Igor Stojanov

Personal information
- Full name: Igor Stojanov Игор Стојанов
- Date of birth: 12 February 1976 (age 49)
- Place of birth: Štip, SFR Yugoslavia
- Height: 1.81 m (5 ft 11+1⁄2 in)
- Position: Defender

Senior career*
- Years: Team / Apps / (Gls)
- 1998–2002: Vardar / 99 / (0)
- 2004–2006: Rabotnički / 39 / (0)
- 2006: Elbasani
- 2007–2010: Renova / 94 / (2)
- 2011: Rabotnički / 18 / (0)
- 2012–2014: Bregalnica Štip / 54 / (1)

International career
- 2000–2001: Macedonia / 5 / (0)

Managerial career
- 2015: Bregalnica Štip
- 2016: Bregalnica Štip

= Igor Stojanov =

Macedonian footballer and coach

Igor Stojanov (Игор Стојанов) (born 12 February 1976) is a Macedonian retired football player and coach, who was coach at FK Bregalnica Štip in the Macedonian First League.

==Playing career==
===Club===
Born in Štip, SR Macedonia, SFR Yugoslavia, he played with several clubs in the Macedonian First League, namely, FK Vardar, FK Rabotnički, FK Renova and FK Bregalnica Štip.
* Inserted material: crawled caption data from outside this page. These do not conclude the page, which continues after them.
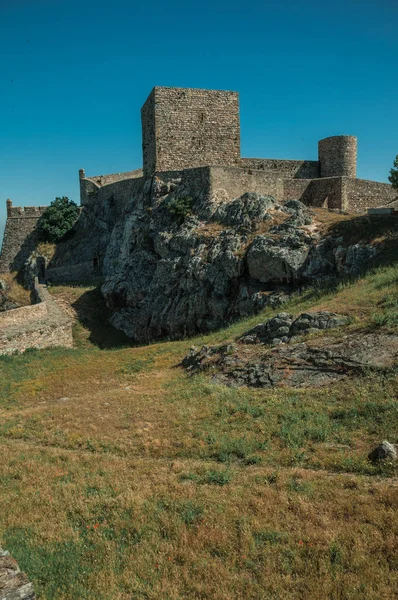 Mauern und Türme über felsigen Hügel mit Garten auf der Burg Marvao — Stockfoto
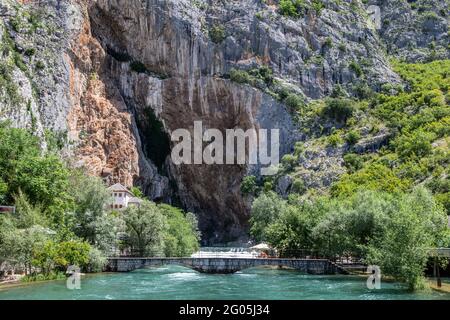 Blagaj Tekija oder Tekke ein Derwisch Kloster, osmanischer Stil, Blagaj Dorf in der Nähe von Mostar, Quelle des Buna Flusses, Herzegowina, Bosnien und Herzegowina Stockfoto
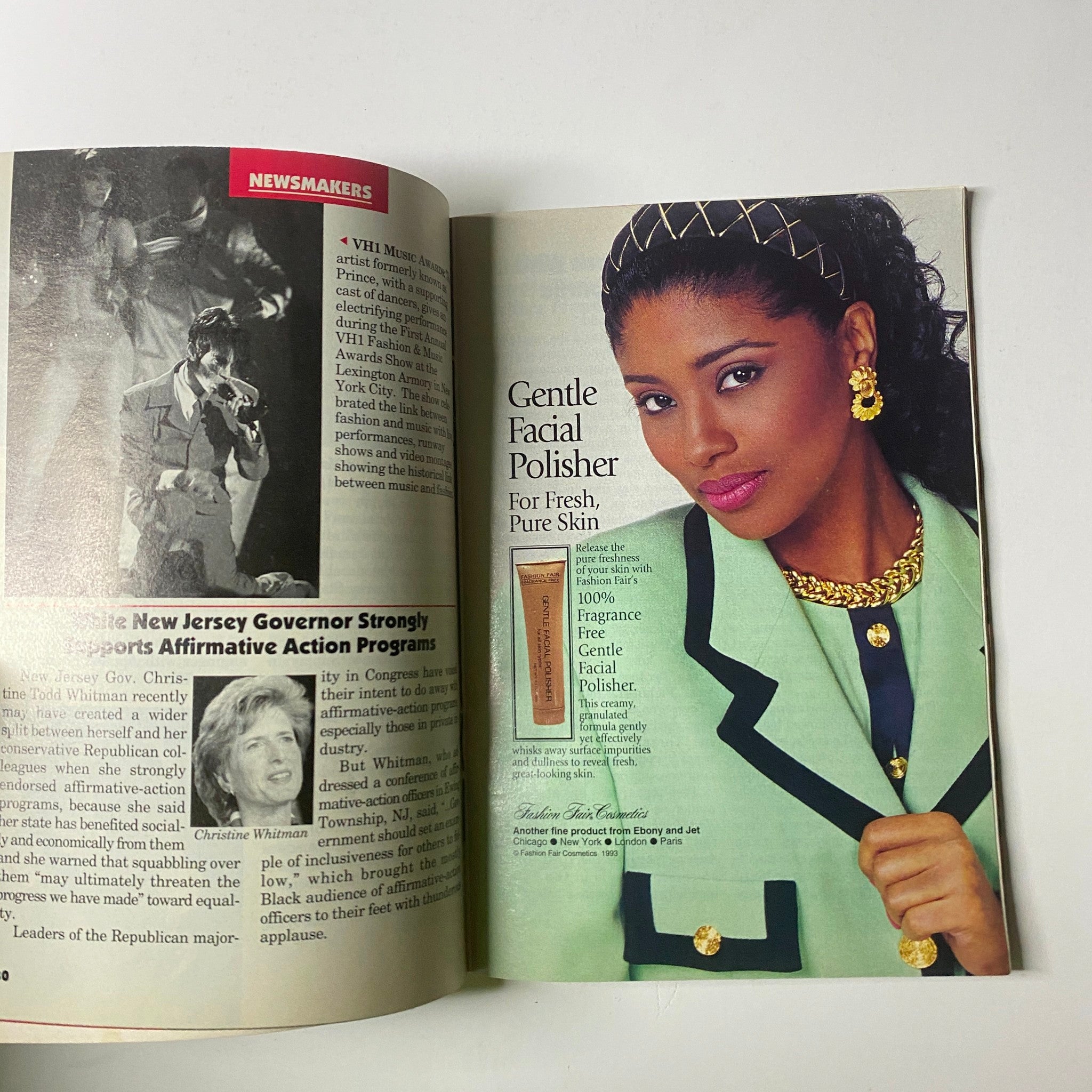 Jet Magazine December 25, 1995 - January 1, 1996 showcasing a beauty advertisement for Gentle Facial Polisher with a model wearing stylish clothing and jewelry.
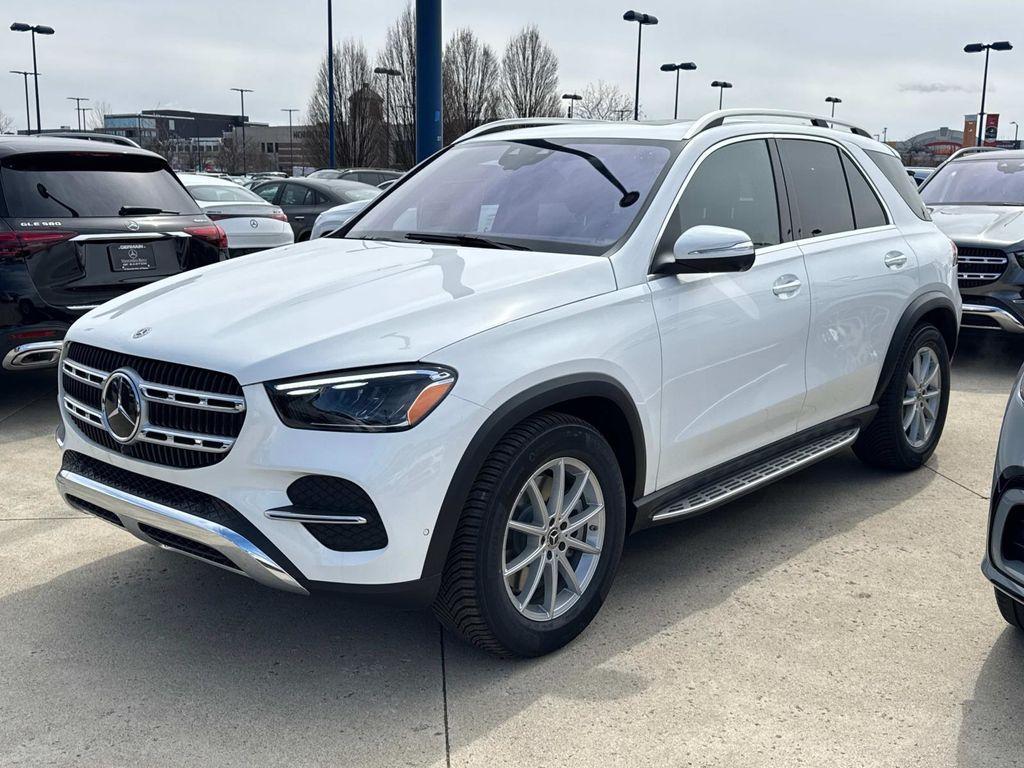 new 2025 Mercedes-Benz GLE 450 car, priced at $84,910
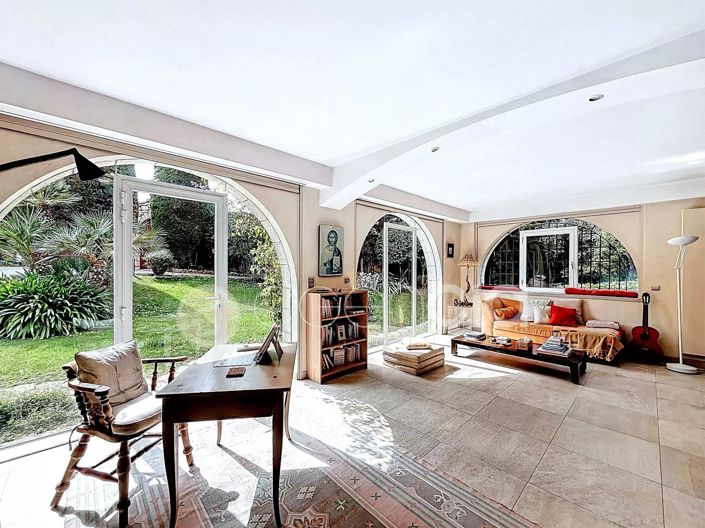 Image No.4-4 Bed House for sale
He had a spell in Albania in 2006 with Elbasani (2006)

===International===
He made his senior debut for Macedonia in a July 2000 friendly match against Azerbaijan and has earned a total of 5 caps, scoring no goals. His final international was an October 2001 FIFA World Cup qualification match against Slovakia.

==Managerial career==
After the retirement in 2014, two years later, he became a coach of Bregalnica Štip.